Data —
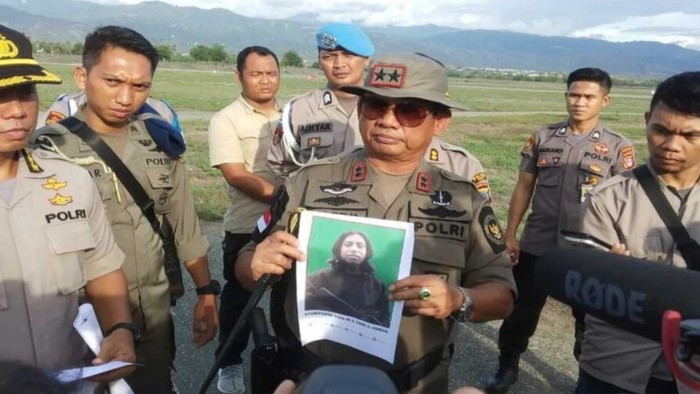 Foto buronan yang diduga pelaku pemenggalan di Poso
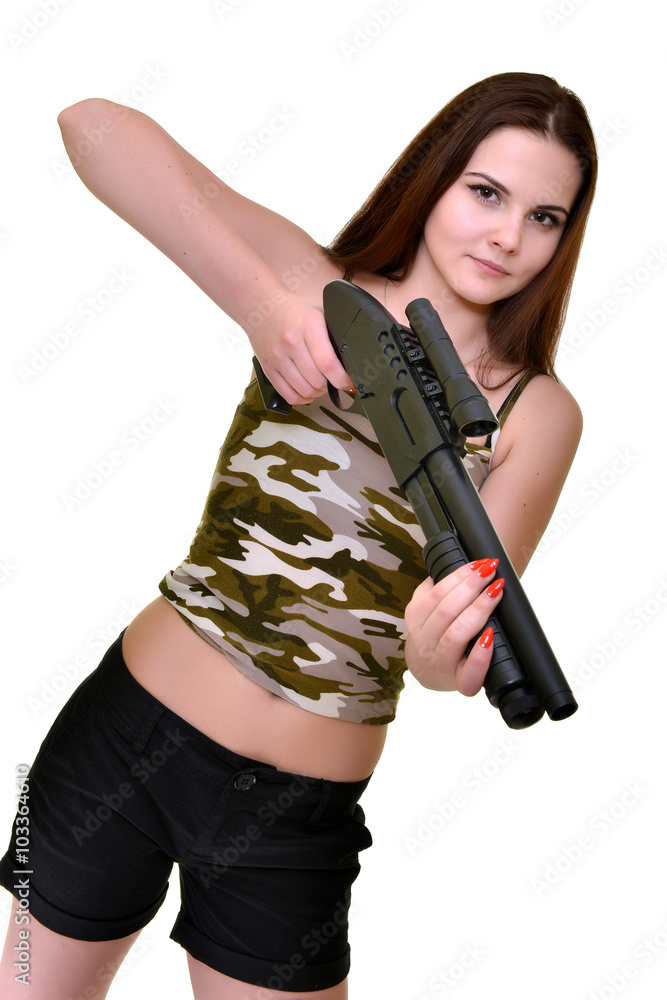 femme et pistolet
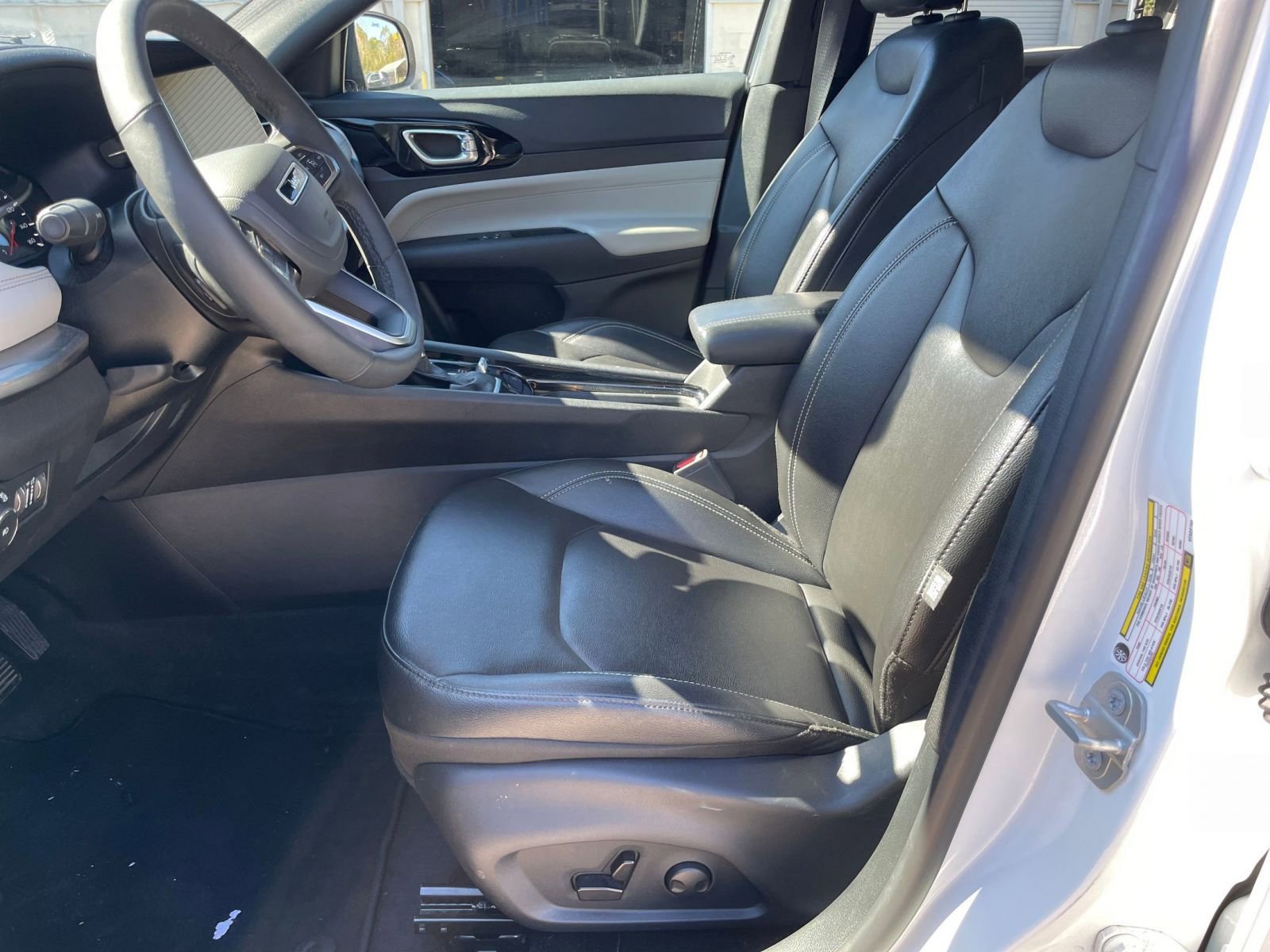 Thumbnail: 2025 Jeep Compass - 27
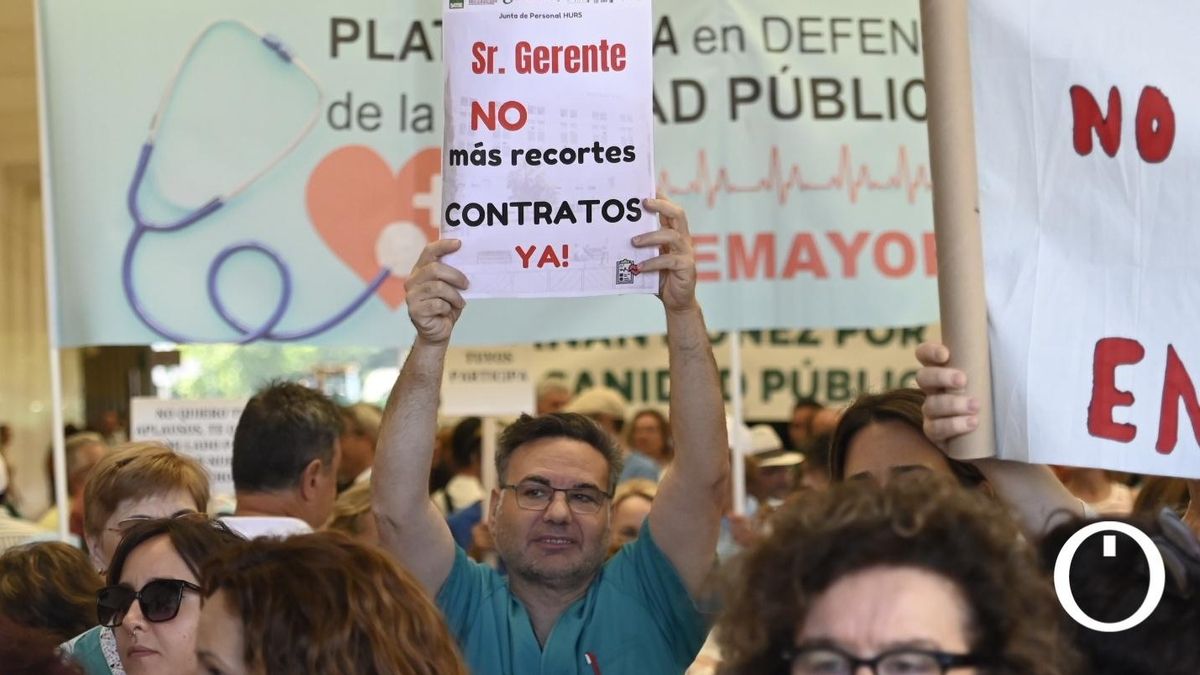 Manifestación 'Salvemos el Hospital Reina Sofía '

What this task involves — Give back the entire listing verbatim, without the pictures.

Output below —
 Foto buronan yang diduga pelaku pemenggalan di Poso
 femme et pistolet
 Thumbnail: 2025 Jeep Compass - 27
 Manifestación 'Salvemos el Hospital Reina Sofía '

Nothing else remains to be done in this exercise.